ReplyDeleteKevin, are you writing about Stevenson next week? I'd be happy to save Jekyll and Hyde until then, or later. My "thoughts" are not so inspiring right now. I could just quote some good bits and admire them.
ReplyDeleteI had noticed the horrible mangling and so on, but never noticed until now that the source of all the grisly, juicy details has to be that maid, the only witness. That's amusing.
Nabokov thinks the veiling of Hyde's vices is a flaw. It has to be up to a point, but I guess it also let's Hyde be as decadent as the reader's imagination allows, which is also amusing. The more innocent the reader, the more puzzling the story.
Jenny, the James essay is "The Art of Fiction" (1884), which I wrote about earlier this year. James is actally doing what you want, defending genre fiction (via Treasure Island), pulling it into the main body of literature. He is arguing that fiction does many things, is big.
James's criticisms of Stevenson move up a level. Specific to Stevenson, he is arguing not about worthy vs unworthy, but best vs less-than-best. I have some sympathies with James, but Stevenson (in "A Humble Remonstrance") clearly wins the argument.

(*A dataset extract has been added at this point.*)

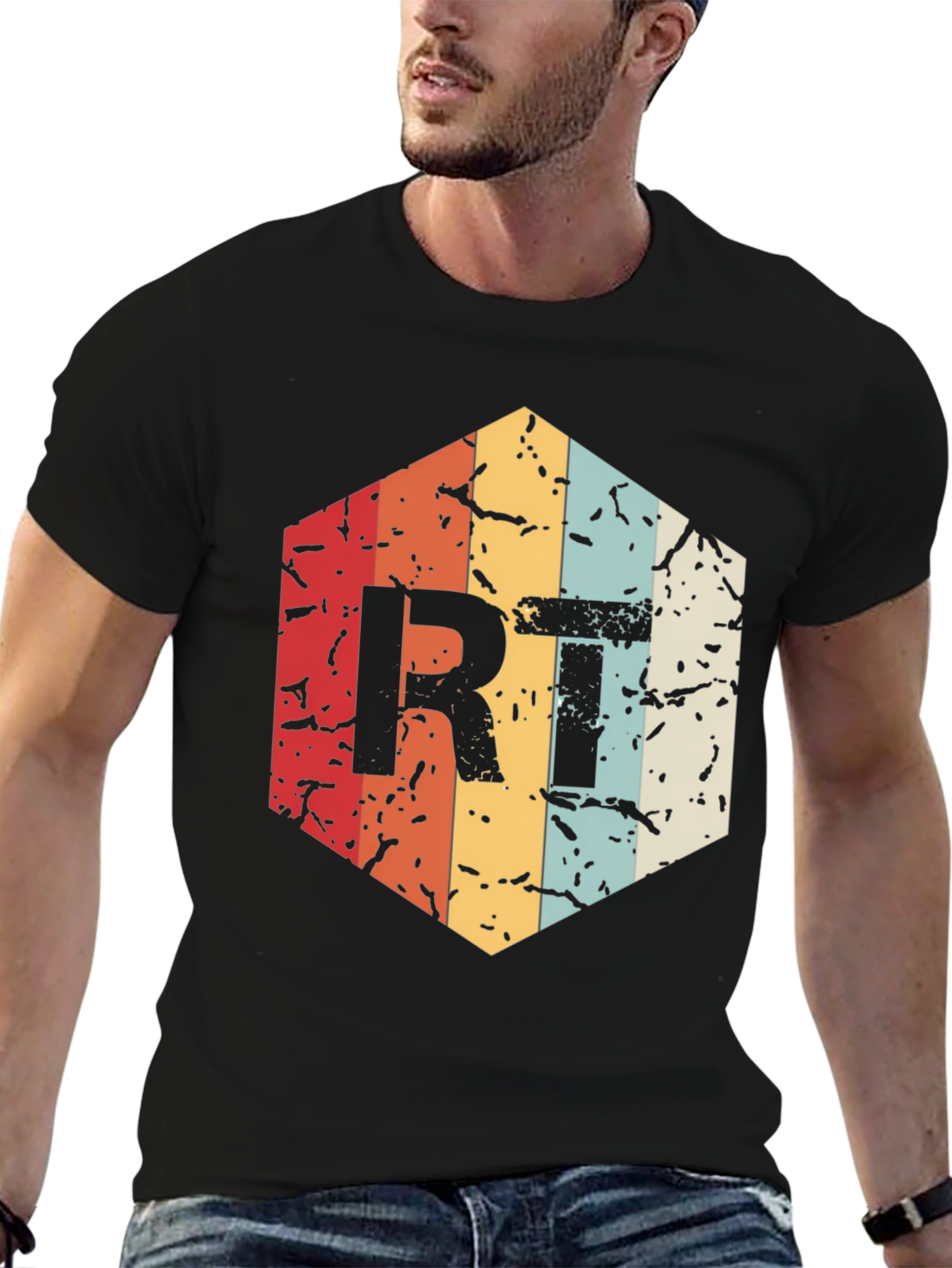 Retro RT T-Shirt Respiratory Therapist Gift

Stevenson and James became friends after (because of) these articles, and apparently had numerous serious discussions about writing, but they were all face to face, so we don't really know what they talked about.
I'm finally reading Jekyll and Hyde. If you write about it next week I intend to have something to say.

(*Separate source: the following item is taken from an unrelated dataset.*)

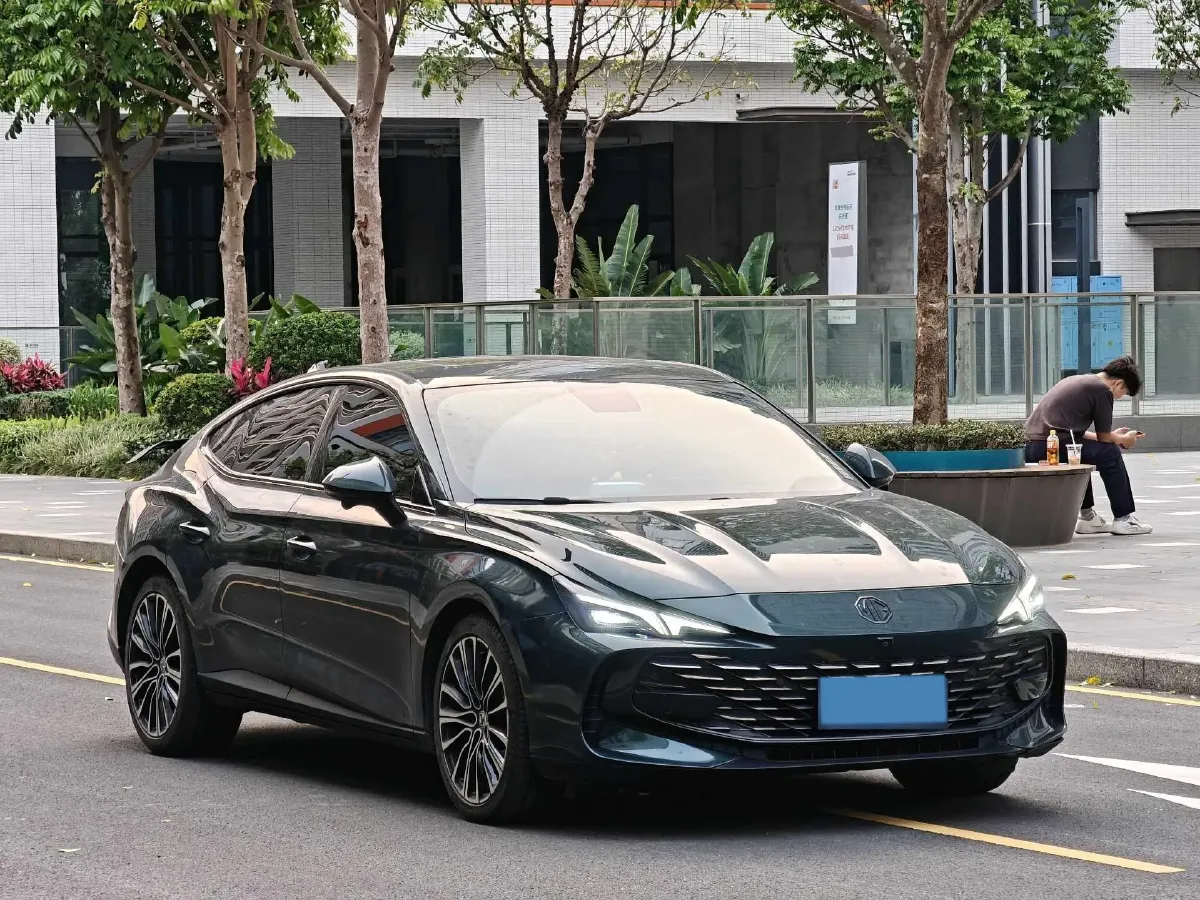 2023 MG 7 2.0T 261HP L4 9AT,autocango,china used car exporter,china ev exporter,chinese used car exporter,chinese used ev exporter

ReplyDeleteDear Wuthers, yes, next week, or maybe early the following week. I won't have anything profound to say, just an observation or two about the role of wills, letters, and manuscripts (multiple forms of writing from multiple perspectives) in a story about multiple identities in an individual. Originally, I was playing around with the idea that Hyde has a great redeeming quality - making him not so revolting after all - but decided that his motive in self-slaughter is either ambiguous, unknowable, or self-serving, and so gave up the argument. My, it is a delightful book. Even now, thinking back on it, I thrill at the wine, the dim lights, the wet streets, and the mystical effect that Hyde has on people, as though they see him with their nose rather than their eyes. Cheers, Kevin
ReplyDeleteNext week it is. End of the week. Proust, Dickens, Stevenson. Don't know, or care, how that all fits together. Maybe Proustovich gets squeezed out. Excellent.
ReplyDeleteThe wine, yes, it's a strangely vinous book. Lots of good ideas on your list.